(WORK REQUEST) The entries below hold a line with "Floorplan of Homely" and a line with "郴州不锈钢飞马雕塑——一座令人惊叹的艺术品". Return those lines and all that lie between them, exactly and only.

(LISTED RECORDS)
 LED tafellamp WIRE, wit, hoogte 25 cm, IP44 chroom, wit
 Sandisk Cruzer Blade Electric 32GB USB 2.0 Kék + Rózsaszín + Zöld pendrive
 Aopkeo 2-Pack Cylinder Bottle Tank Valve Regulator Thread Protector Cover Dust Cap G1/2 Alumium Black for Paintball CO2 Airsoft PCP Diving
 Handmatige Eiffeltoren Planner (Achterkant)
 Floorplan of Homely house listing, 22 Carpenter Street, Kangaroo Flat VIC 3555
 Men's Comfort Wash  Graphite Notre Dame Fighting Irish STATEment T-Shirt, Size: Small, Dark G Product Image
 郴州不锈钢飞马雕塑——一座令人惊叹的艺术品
---
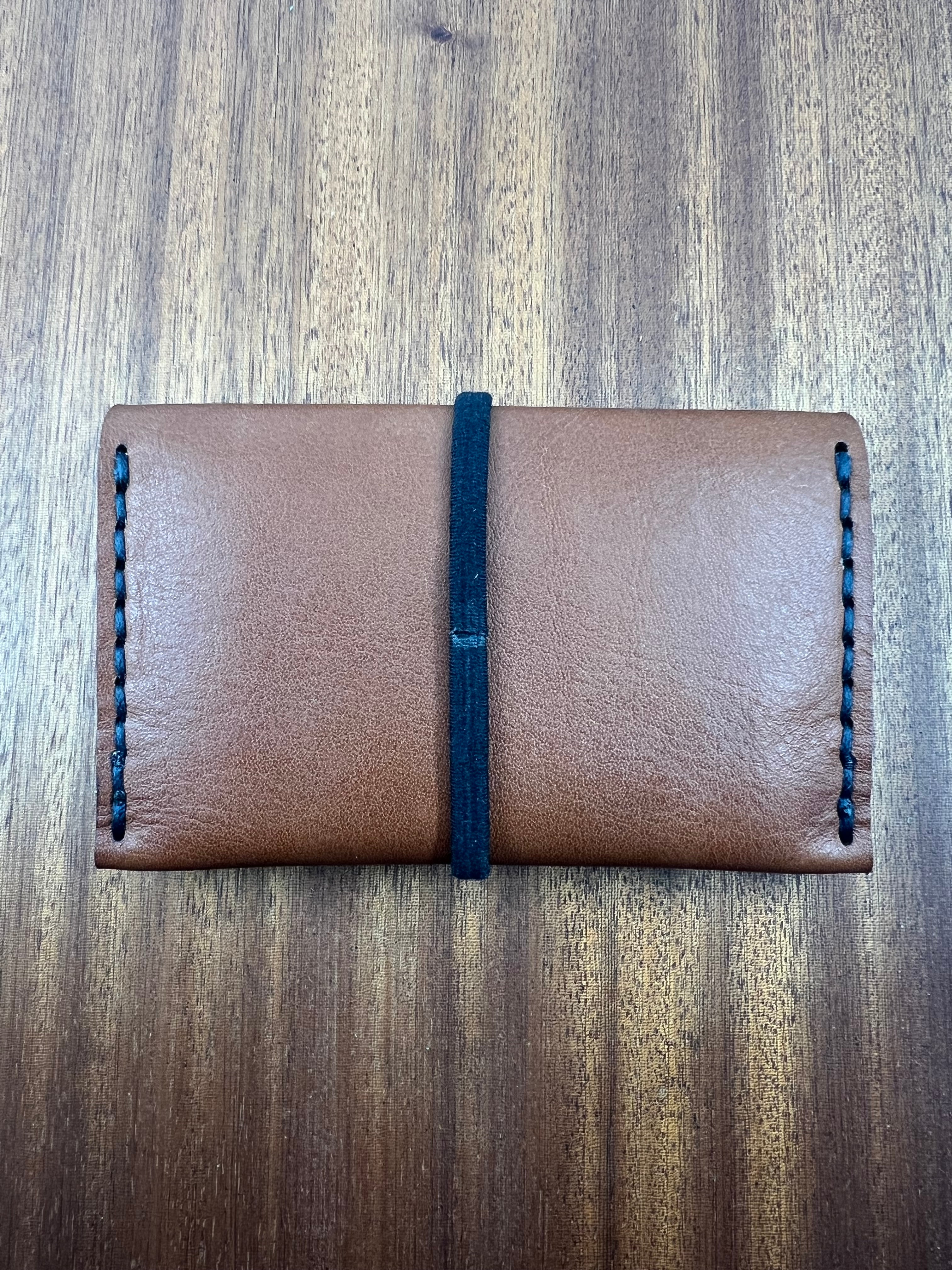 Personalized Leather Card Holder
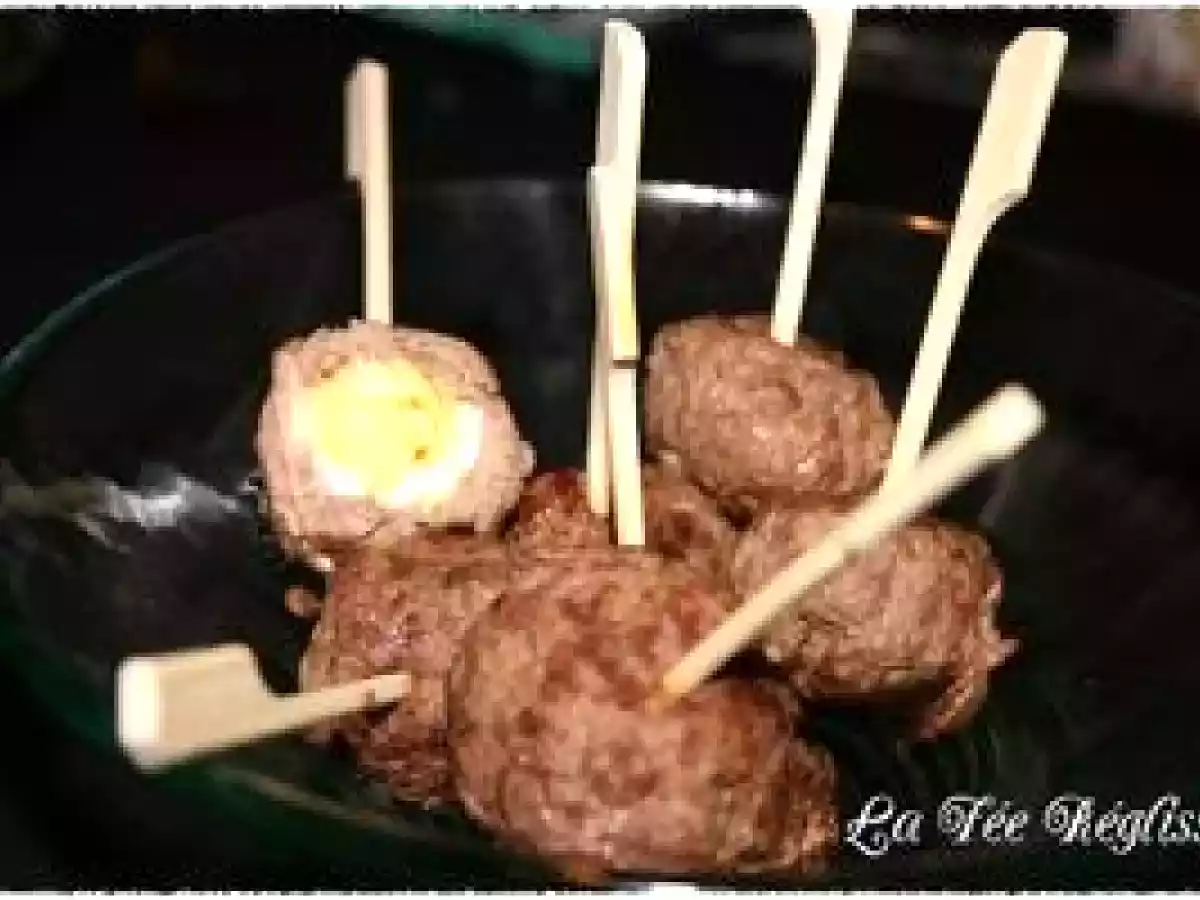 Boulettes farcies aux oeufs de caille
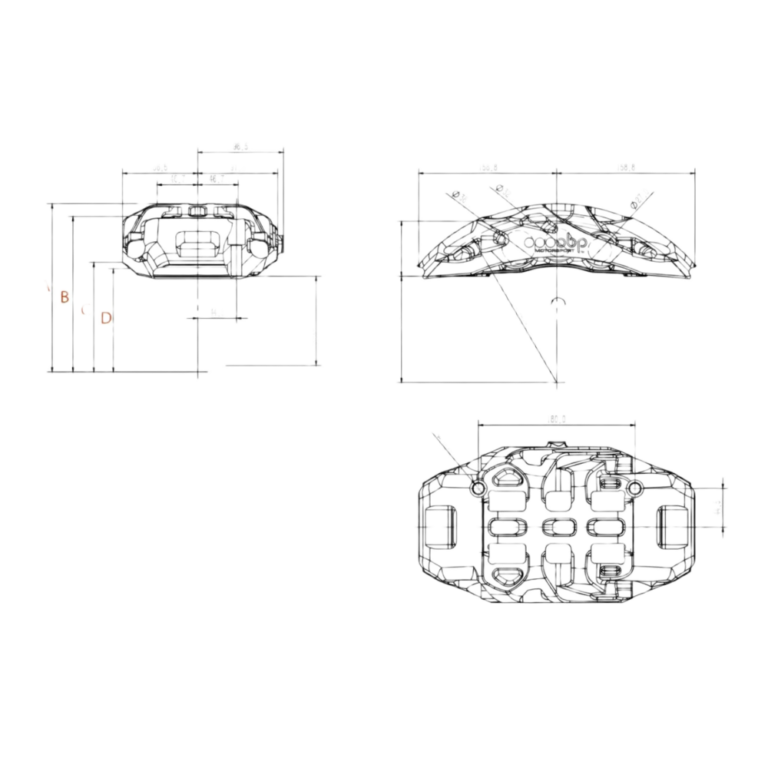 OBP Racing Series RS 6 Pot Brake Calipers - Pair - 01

(RESPONSE AREA)
 Floorplan of Homely house listing, 22 Carpenter Street, Kangaroo Flat VIC 3555
 Men's Comfort Wash  Graphite Notre Dame Fighting Irish STATEment T-Shirt, Size: Small, Dark G Product Image
 郴州不锈钢飞马雕塑——一座令人惊叹的艺术品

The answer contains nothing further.